-- About this task --
Take the listing below and print exactly the lines starting at the line containing "Cho thuê mặt" and ending at the line containing "Bathroom, Bed in", both ends included, and no others.

-- Available records --

========

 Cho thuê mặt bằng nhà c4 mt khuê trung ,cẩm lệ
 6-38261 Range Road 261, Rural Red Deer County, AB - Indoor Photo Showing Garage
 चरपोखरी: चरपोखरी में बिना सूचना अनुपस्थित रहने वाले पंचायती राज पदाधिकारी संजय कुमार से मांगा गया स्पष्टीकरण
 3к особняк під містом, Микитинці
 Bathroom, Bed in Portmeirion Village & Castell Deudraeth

========

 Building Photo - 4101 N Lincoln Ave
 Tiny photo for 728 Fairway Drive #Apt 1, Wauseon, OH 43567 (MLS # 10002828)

========

-- Solution for this task --
 Cho thuê mặt bằng nhà c4 mt khuê trung ,cẩm lệ
 6-38261 Range Road 261, Rural Red Deer County, AB - Indoor Photo Showing Garage
 चरपोखरी: चरपोखरी में बिना सूचना अनुपस्थित रहने वाले पंचायती राज पदाधिकारी संजय कुमार से मांगा गया स्पष्टीकरण
 3к особняк під містом, Микитинці
 Bathroom, Bed in Portmeirion Village & Castell Deudraeth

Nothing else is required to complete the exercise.